Mauvais coûts / Jacky Schwartzmann

Mauvais coûts / Jacky Schwartzmann

couverture du roman mauvais couts de jacky schwartzmann

Gaby Aspinall n’attend plus grand-chose de la vie. C’est un salaud. Acheteur dans une multinationale, à l’amoralité crasse, il y est comme un poisson dans l’eau. Il déteste, en vrac, les syndicats, Nespresso, Souchon, le rugby, ce sport de gros cons… Seuls les cinq à sept bâclés et les cuites au Get27 trouvent vaguement grâce à ses yeux. Alors si le passé s’invite dans sa petite vie bien réglée…

Avis : Quelle belle brochette d’horribles humains : menteurs, arnaqueurs, petits et mesquins ! Et pourtant, il y a de l’amour et de l’humour dans ces pages qui se dévorent avec passion et plaisir.

C’est toujours jouissif de lire Jacky Schwartzmann (beaucoup moins d’écrire son nom à rallonge ). Il invente des personnages borderline et auxquels on fini quand même par s’attacher. Dans Mauvais coûts, il est question de Gaby, qui est acheteur chez Arema et qui n’a aucune conscience. Il aimerait se faire sa N+1, il arnaque sans problème tous les fournisseurs et a une vision du monde assez binaire « Y a rien de personnel mon pote : c’est le business », « les femmes sont chiantes et elles sont connes », « les barmans sont tous des sales races », bref, ce n’est pas le meilleur humain du monde et pourtant, on se surprend à lui vouloir du bien.

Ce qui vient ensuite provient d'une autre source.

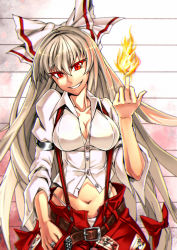 Rule 34 | 1girl, armband, belt, belt buckle, bow, breasts, buckle, buttons, cleavage, collarbone, collared shirt, eyelashes, fire, fujiwara no mokou, grey hair, hair between eyes, hair bow, hair ribbon, hand in pocket, hand up, head tilt, highleg, highleg panties, impossible clothes, impossible shirt, jewelry, long hair, long sleeves, middle finger, midriff, navel, ofuda, ofuda on clothes, open clothes, open pants, panties, pants, parted lips, partially unbuttoned, red bow, red eyes, red pants, red ribbon, ribbon, ring, shirt, sleeves rolled up, smile, solo, standing, stomach, suspenders, sw (2311550438), touhou, tsurime, underwear, unzipped, upper body, very long hair, white panties, white shirt, wing collar, zipper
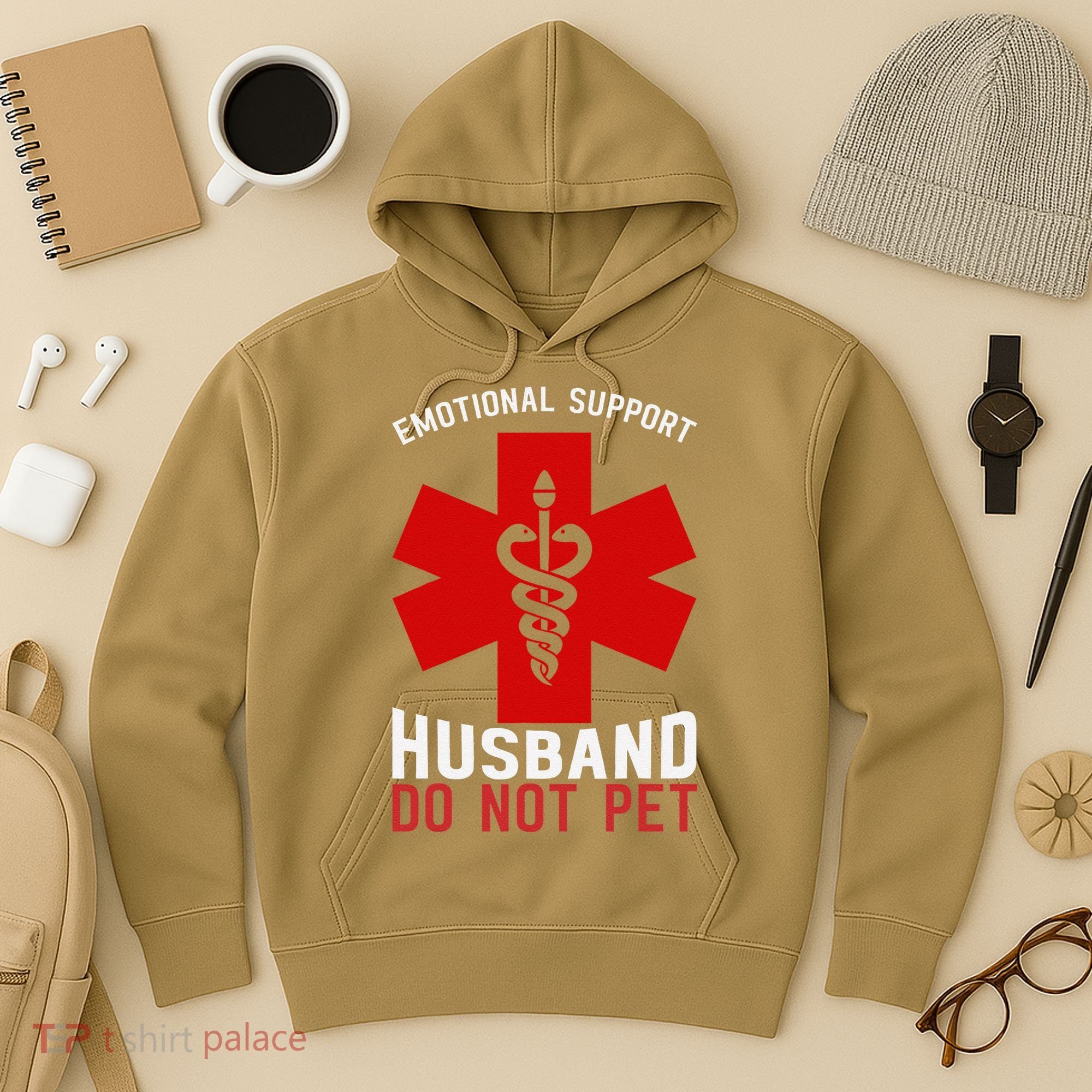 Do Not Pet Emotional Support Husband Hoodie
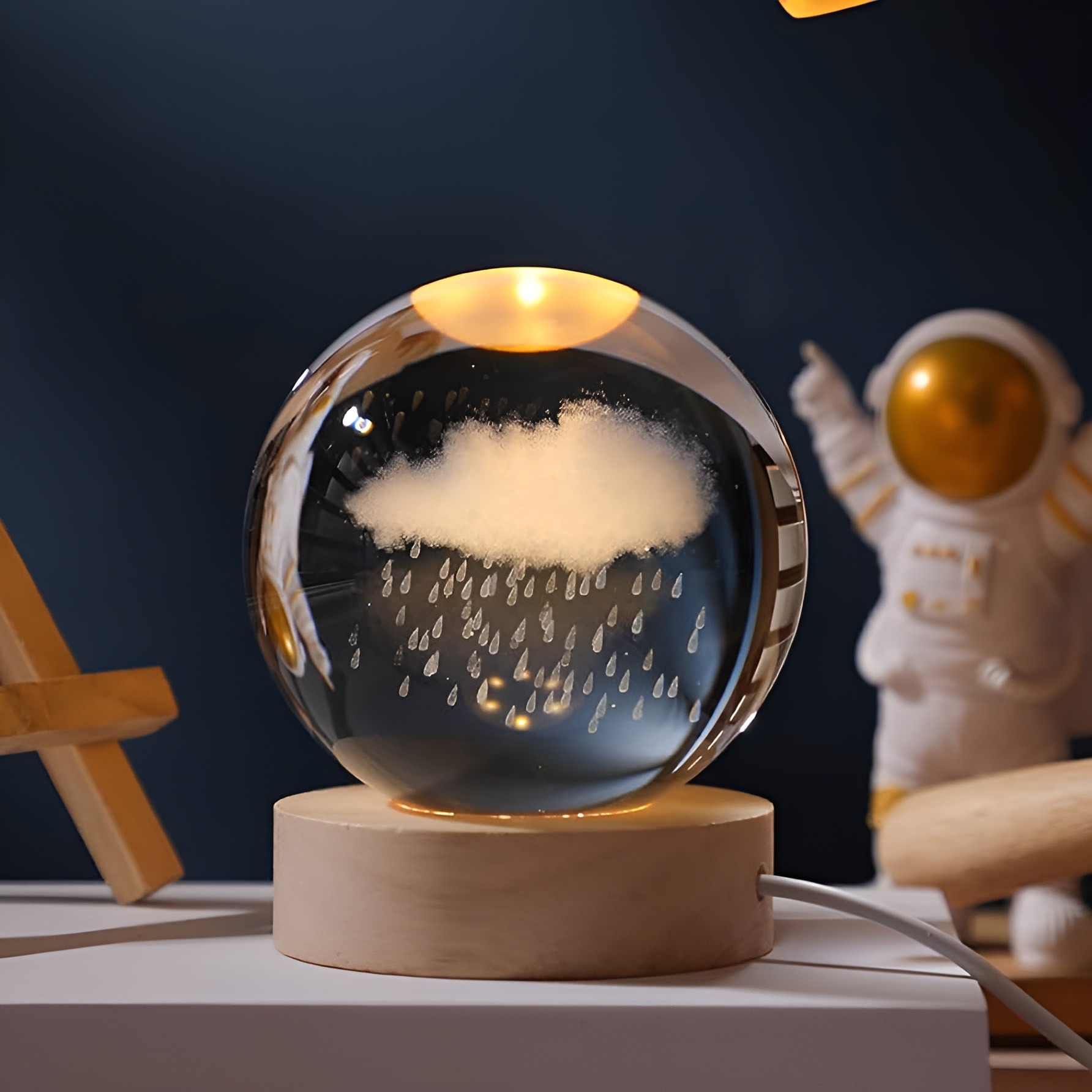 3D Crystal Ball LED Table Lamp with Wooden Base - 8cm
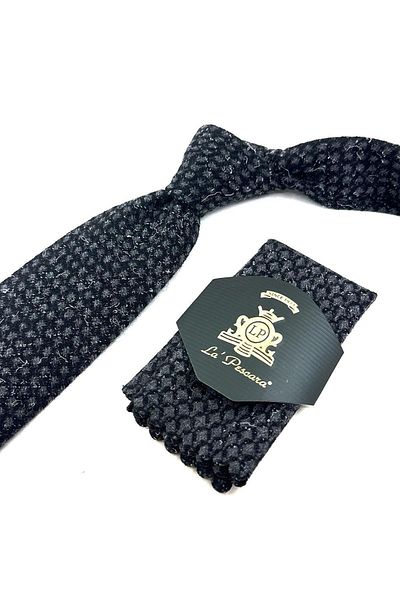 Kravatkolik Black - Smoked Polka Dot Pattern Classic Wool Tie with Handkerchief KK12128
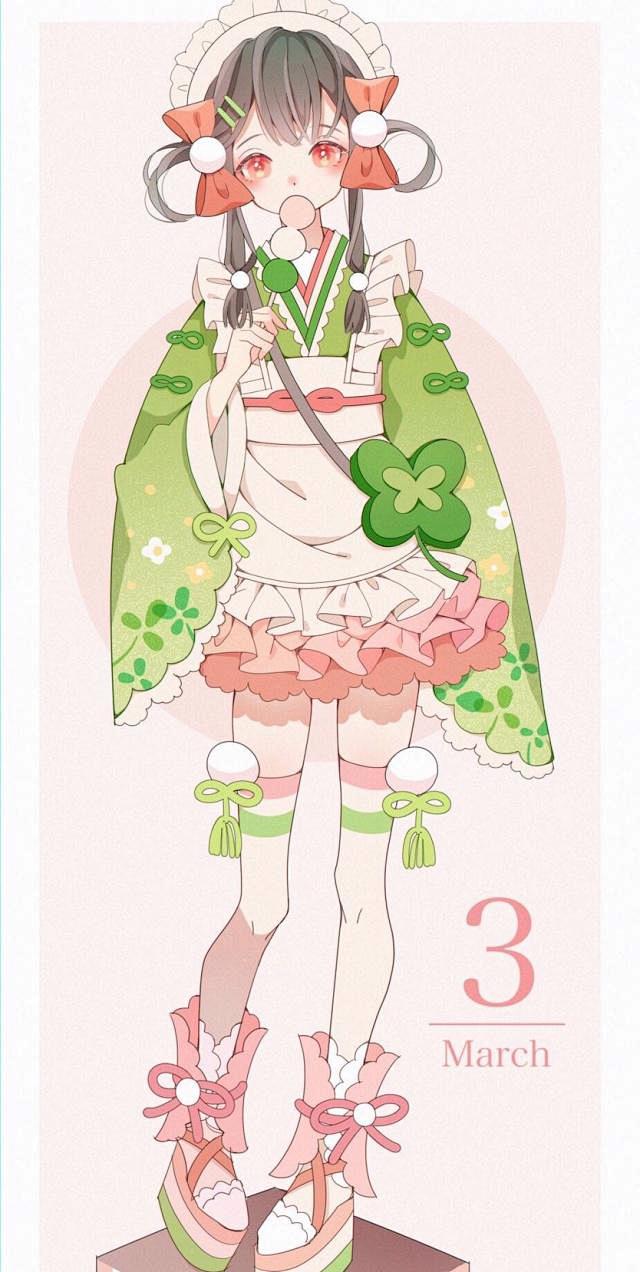 1到12月的拟人卡通画画风可爱又很精致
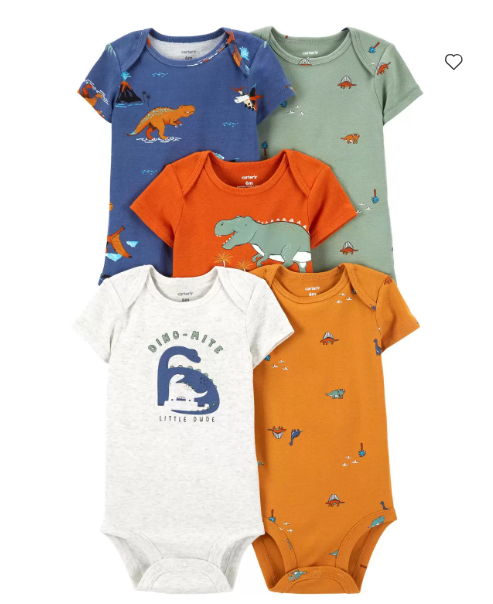 Set 5 mamelucos Carter's bebe niño dinosaurios 1P559910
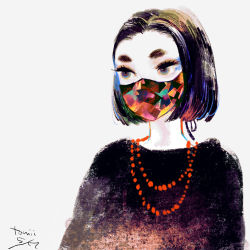 Rule 34 | 1girl, artist name, black hair, dated, grey eyes, highres, jewelry, mask, mouth mask, necklace, original, print mask, procreate (medium), short eyebrows, short hair, signature, simple background, solo, tomidoron, upper body, white background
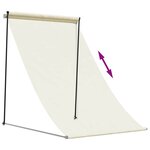 vidaXL Auvent rétractable crème 100x150 m tissu et acier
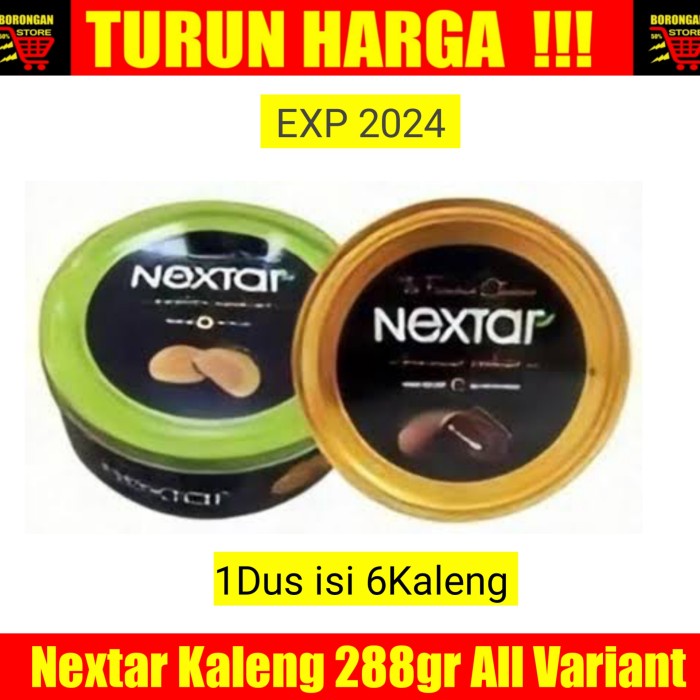 

nextar brownies kaleng 1 dus isi 6 kaleng exp 2024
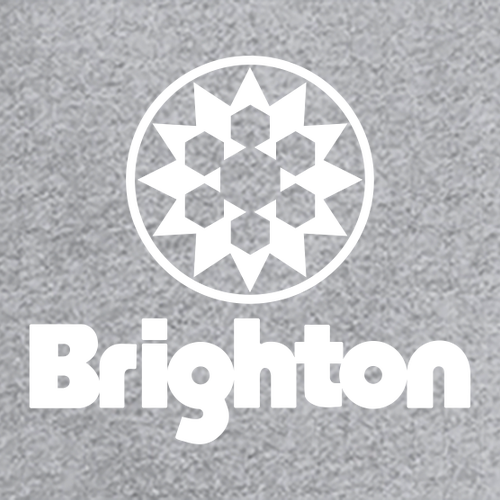 Brighton Adult Long Sleeve White Chest and Back Logo Heather Grey 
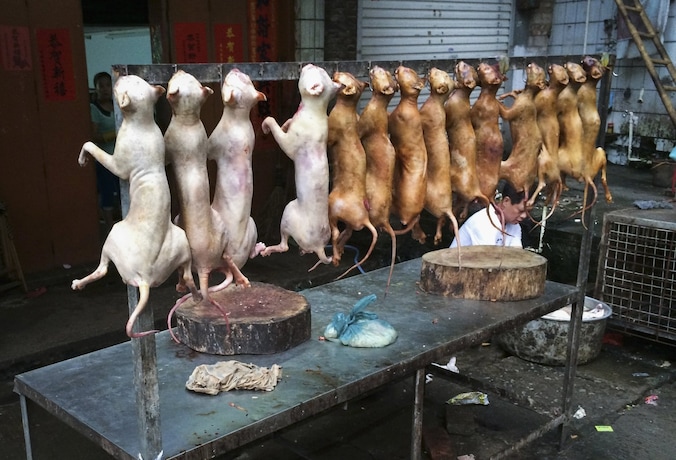 Dode honden hangen te koop bij een kraam in Yulin.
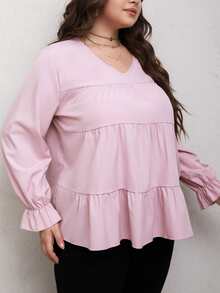 大碼荷葉袖荷葉邊下擺襯衫 - 淺粉色 - 查看 3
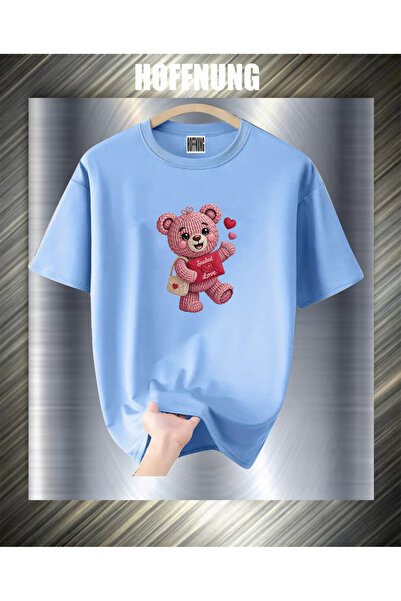HOFFNUNG Unisex Short Sleeve Round Neck Sealed Heart Bear Printed Solid Color...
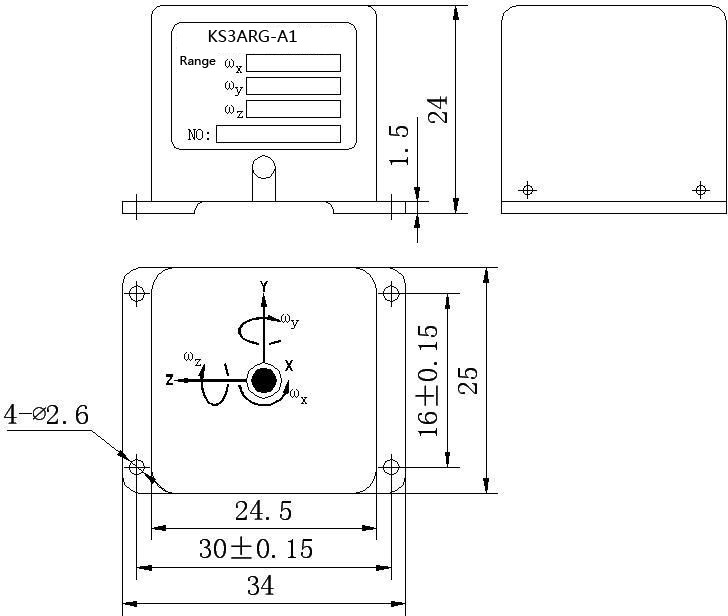Gyroscope triaxiale à faible puissance, peut être appliqué aux robots, température de stockage -65 ~ +125 (((°C), poids ≤40 ((g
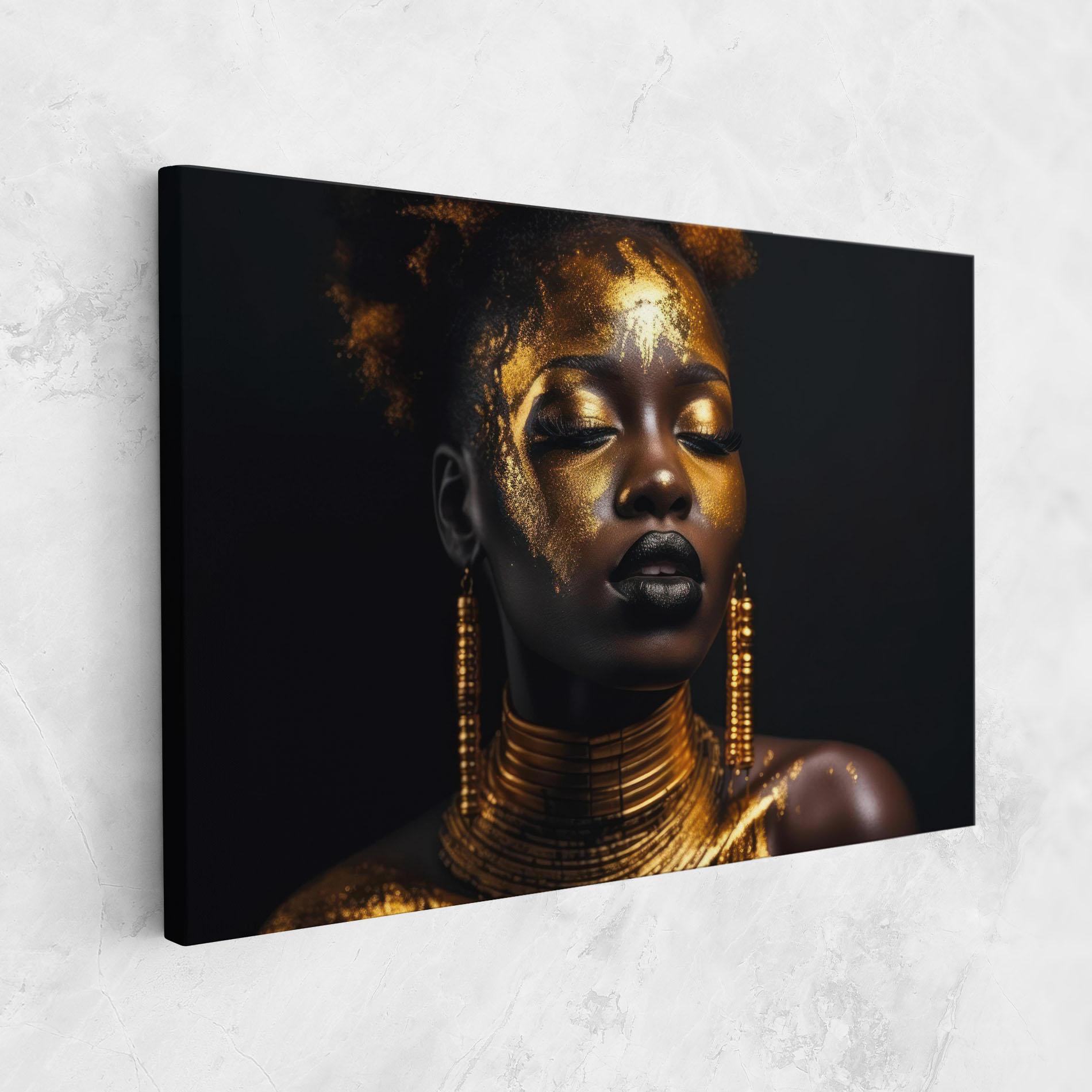 Tablou Canvas Gold Makeup Black Lips mockup 1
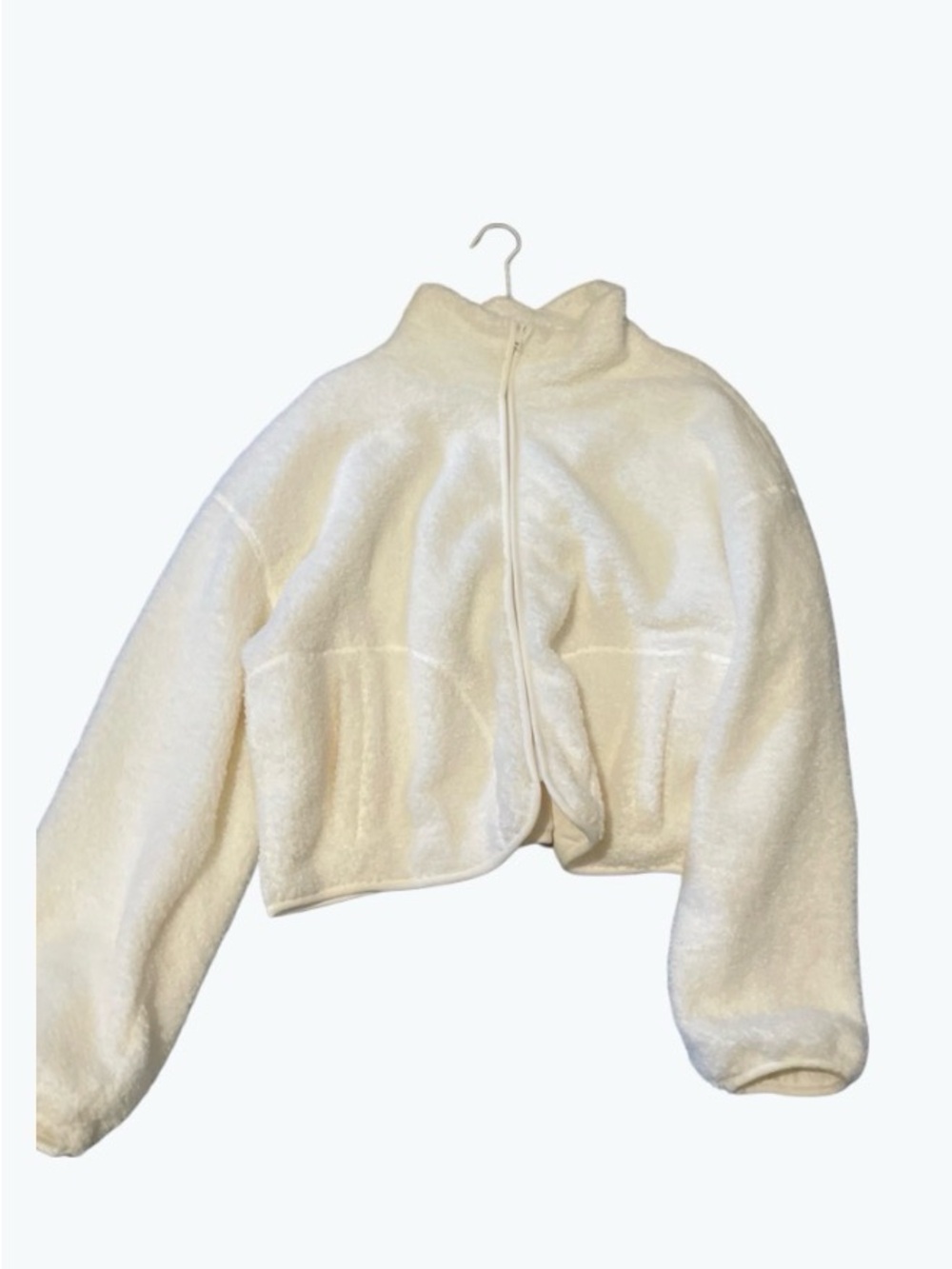 Women's Cream Cozy Fleece Ski Jacket - Zip Front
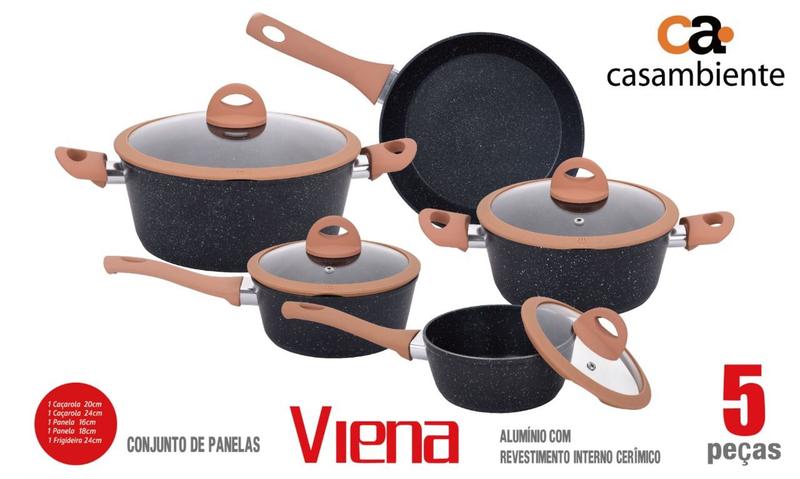 Imagem de Jogo com 5 panelas com fundo de inducao viena black - casambiente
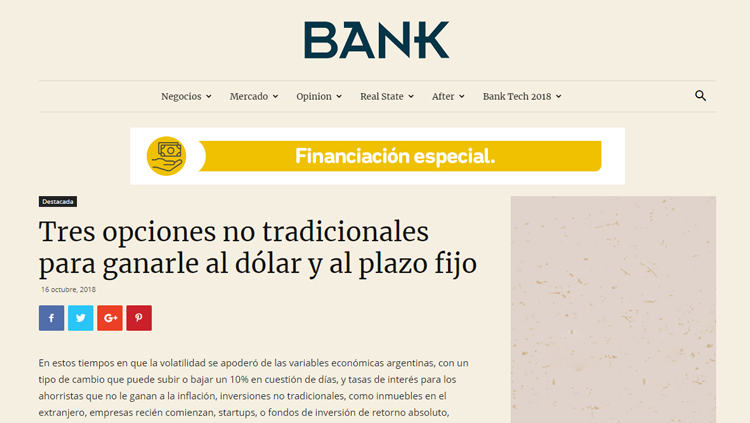 "Tres opciones no tradicionales para ganarle al dólar y al plazo fijo" - Swift Partner featured in Bank Magazine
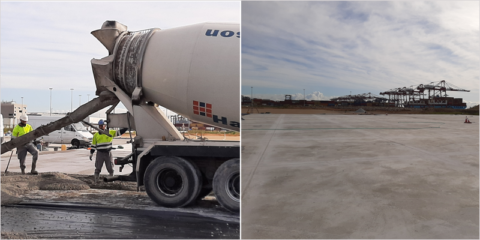 El hormigón innovador H-FIBRA de HeidelbergCement pavimenta una zona portuaria de Barcelona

Il vit sa petite vie d’acheteur, il a un peu de pouvoir, pas de femme ni d’enfant, un père vieillissant et alcoolo, et il se souvient des femmes de sa vie avec colère. Mais il a une arme puissante, un humour noir. Dans cette vie bien rangée, va surgir plusieurs évènements qui vont la faire basculer, pour le pire… ou le meilleur ? Cela dépend de quel côté on se place. On a donc, dans le désordre : une dépression, la mort du père, les amourettes du passé qui ressurgissent, du sexe hors mariage, une prostituée de 16 ans, et des Nike montantes, de l’aérophagie, des dérapages et des concours de circonstances bien contés.

Avec tout ça, l’auteur nous livre un meurtre parfait. Il nous montre une vision de l’entreprise ET du monde, malsaine ou très vraie (c’est au choix…). Il nous entraîne, comme le film Le couperet de Costa-Gavras, vers des embauches 2.0 glauques et pourtant savoureuses.

Donc, j’affirme à nouveau mon amour pour cet auteur découvert aux Quais du polar l’année dernière. Et encore, je ne vous ai pas parlé de Pension complète. Affaire… heu je veux dire chronique à suivre, car c’est son dernier livre sorti en 2018.